Pestana was publishing radical ideas about women's education and their rights under a nom de plume in the newspaper Vanguardia. She founded the Portuguese League for Peace on 18 May 1899 and she was the first president of the pacifist organisation. The organisation was formed as a daughter organisation of the Altruism Society which she was a member. That society's motto was "Truth, Justice and Righteousness". She wrote short stories, novels and plays.
She was one of the first women in Portugal who were concerned with women's subordinate status and in particular about improving the educational opportunities for Women in Portugal together with Francisca Wood, Maria Carvalho, Carolina Michaëlis de Vasconcelos, Alice Moderno, Angelina Vidal, Antónia Pusich and Guiomar Torrezão.
She wrote for the Lisbon newspaper, Diário de Notícias. She married a Spaniard and moved to Spain in 1901. She translated Spanish works into Portuguese and published her own novel Desgarrada in 1902.

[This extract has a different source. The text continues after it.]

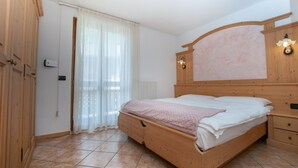 A bedroom with a wooden bed, a nightstand, a dresser, a radiator, and a window with sheer curtains. - Apartment in the heart of Valle di Sole (Mezzana-Marilleva)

Pestana died on Christmas Eve 1929 in Madrid. She is buried in the Civil Cemetery in Madrid.
The Portuguese feminist generation
Alice Pestana fits in the panorama of intellectual women in Portugal, among whom we have Carolina Michaëlis de Vasconcelos (1851-1925), Adelaide Cabete (1867-1935), Maria Clara Correia Alves (1869-1948), Beatriz Paes Pinheiro de Lemos (1872-1922), Ana de Castro Osório (1872-1935), Albertina Paraíso (1874-1954), Carolina Beatriz Ângelo (1877-1911), Maria Olga Morais Sarmento da Silveira (1881-1948), Virgínia Guerra Quaresma (1882-1973). These and others are part of a vast list of women with a markedly feminist, republican, and socialist profile.
Private life
She married a teacher, Pedro Blanco Suárez, in Lisbon in 1901.
Works
- O Que Deve Ser a Ecucação Secundária da Mulher? (1892)
- Desgarrada (1902).
References
- ^ "Alice Pestana | Escritoras". www.escritoras-em-portugues.eu (in Portuguese). Archived from the original on 2017-10-06. Retrieved 2020-06-09.
- ^ Bermúdez, Silvia; Johnson, Roberta (2018-01-01). A New History of Iberian Feminisms. University of Toronto Press. ISBN 978-1-4875-2008-3.
- Bermúdez, Silvia; Johnson, Roberta (2018-01-01). A New History of Iberian Feminisms. University of Toronto Press. p. 108. ISBN 978-1-4875-2008-3.
- Bermudez, Silvia; Johnson, Roberta (2018-02-05). A New History of Iberian Feminisms. University of Toronto Press. ISBN 978-1-4875-1029-9.
- Dictionary of Women Worldwide: 25,000 Women Through the Ages. Yorkin Publications. 2007. ISBN 9780787676773.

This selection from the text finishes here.